In my last editorial, I explained that in order to cope with the large number of papers that were being submitted to Proc. R. Soc. A, every paper we received would be pre-assessed by a member of the Editorial Board, and referees for papers that passed this hurdle were asked to apply stringent quality standards. These procedures, initiated by my predecessor Trevor Stuart, have now proved successful in several ways. Referees no longer waste time reporting on papers that have no chance of being accepted—sometimes because they are poor, but more often because although they contain good science their content is deemed suitable for a more specialist journal. Publication has been greatly accelerated: the current receipt to acceptance time is 90 days. Moreover, the rejection rate has been brought down from an unrealistic height of more than 80 per cent to a more reasonable 72 per cent (getting the right rate is delicate: with 100 per cent, nobody would submit papers; with 0 per cent, we would be publishing trash).

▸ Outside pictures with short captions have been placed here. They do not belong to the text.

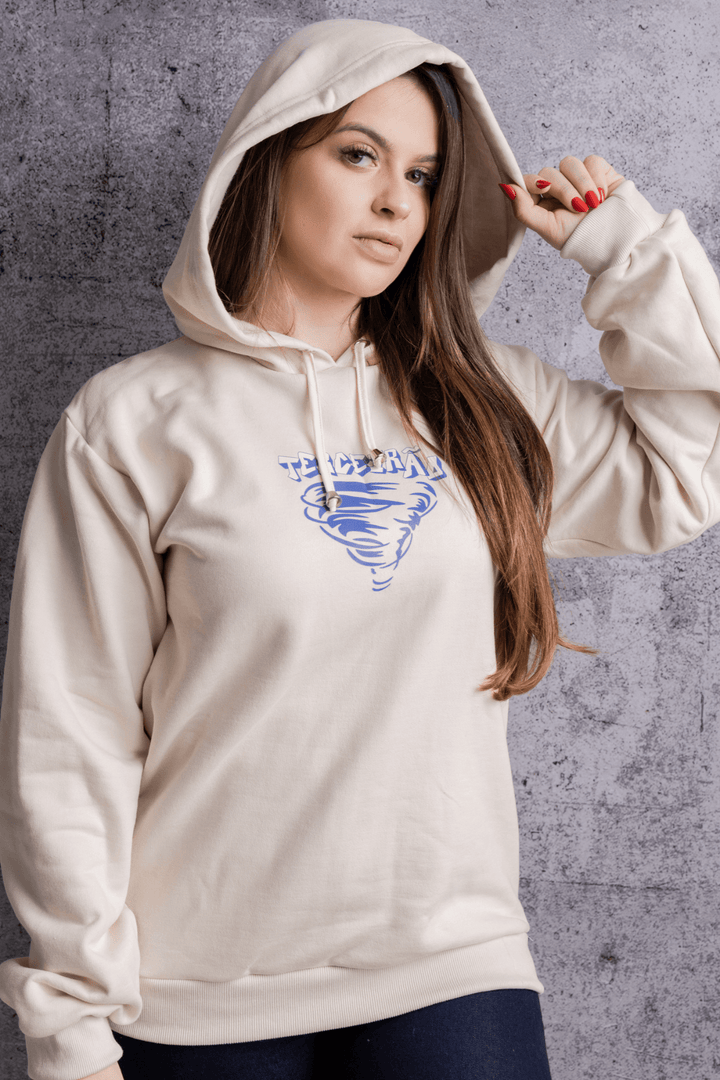 Blusa de Moletom 50% Poliéster 50% Algodão - Uniformes Brazlucca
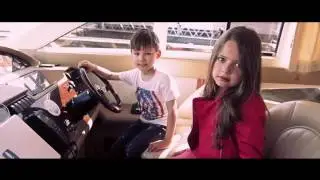 Промо-ролик для Kids Summer Show 2016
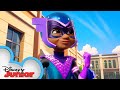 Valerie the Valkyrie ✈️ | Music Video | The Rocketeer | Disney Junior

These improvements would not have occurred without the efforts of Joanna Harries and Louise Gardner in the journal office, the Society’s publications production staff and, of course, indispensable advice from the Editorial Board.
Proc. R. Soc. A aims to publish papers across the whole of the physical sciences. I am interpreting this very widely. Recently, we have published serious scientific studies of a painting by Monet (interpreting the position of the sun to determine where and when it was painted; Baker & Thornes 2006), Viking navigation (to determine whether they could have used the polarization of skylight; Hedegus et al. 2007), erasing toner on office paper (to enable it to be re-used; Counsell & Allwood 2009), stability of the Millennium bridge (MacDonald 2009), dynamics of golf swings (Sharp 2009), efficiency of gaits (Srinivasan & Ruina 2007), stresses (in the cork) during the opening of wine bottles (De Pascalis et al. 2007), etc. These outliers supplement our core papers, reporting substantial, occasionally seminal, advances in quantum physics, engineering, information science, materials science, pure and applied mathematics, and chemistry (for which we are at last starting to attract papers in numbers commensurate with the scientific importance of that subject).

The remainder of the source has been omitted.